Training and Education
There are no formal educational requirements for fitness instructors, but most jobs require certification classes in their specialized field. Certification generally must be renewed every two years. In addition, most fitness workers must be certified in cardiopulmonary resuscitation (CPR), and some employers require first aid training.

Excellent physical fitness and health is extremely important for a fitness instructor career, due to the nature of the job. Instructors should also be outgoing, good motivators and sensitive to others' needs.

Opportunities
Fitness trainers help clients assess their personal fitness level and help them set and attain their fitness goals. They also demonstrate exercise techniques and keep records of their clients' exercise sessions and progress. Personal trainers work with clients one-on-one in a gym or at home. Aerobics instructors conduct group exercise classes that emphasize aerobic exercise, stretching and muscle conditioning.

Seasonal employment is common in this field; some college students and teachers work as fitness instructors when school is not in session.
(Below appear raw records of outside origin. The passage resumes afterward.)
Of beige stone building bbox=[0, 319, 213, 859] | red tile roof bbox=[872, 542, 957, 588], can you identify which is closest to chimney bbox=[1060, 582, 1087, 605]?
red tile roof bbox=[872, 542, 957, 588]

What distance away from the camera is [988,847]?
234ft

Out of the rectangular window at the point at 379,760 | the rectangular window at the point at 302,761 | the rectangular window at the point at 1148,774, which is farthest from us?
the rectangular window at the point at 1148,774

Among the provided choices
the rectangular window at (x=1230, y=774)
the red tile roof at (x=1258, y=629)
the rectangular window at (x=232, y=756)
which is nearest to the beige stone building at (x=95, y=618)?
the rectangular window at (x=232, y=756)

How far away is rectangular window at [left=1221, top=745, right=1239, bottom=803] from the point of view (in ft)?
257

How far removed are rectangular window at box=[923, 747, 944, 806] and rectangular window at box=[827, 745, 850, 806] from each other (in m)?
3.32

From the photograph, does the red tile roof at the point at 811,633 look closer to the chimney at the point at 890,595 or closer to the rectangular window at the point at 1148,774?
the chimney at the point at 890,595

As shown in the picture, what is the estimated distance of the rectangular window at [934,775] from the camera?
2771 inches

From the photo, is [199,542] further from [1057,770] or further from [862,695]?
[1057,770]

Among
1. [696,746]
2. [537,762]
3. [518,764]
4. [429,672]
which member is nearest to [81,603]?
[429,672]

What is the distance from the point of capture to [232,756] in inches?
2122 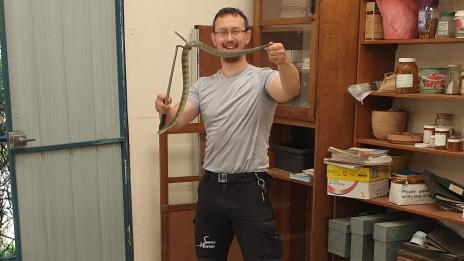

Pros and Cons of a Career in Fitness
This job is ideal for outgoing, energetic, healthy people who can't stand the idea of wearing a suit and tie. The hours are generally regular. However, the physical nature of the job puts workers at risk for injuries.

Salary
Median hourly earnings of fitness instructors and trainers were $11.51 in 2002, according to the BLS.

Job Outlook
Fitness training and instructing jobs are expected to grow much faster than average through 2012, due to increased public interest in fitness activities. As people spend more time and money on gym memberships and other wellness programs, job opportunities will grow to keep pace.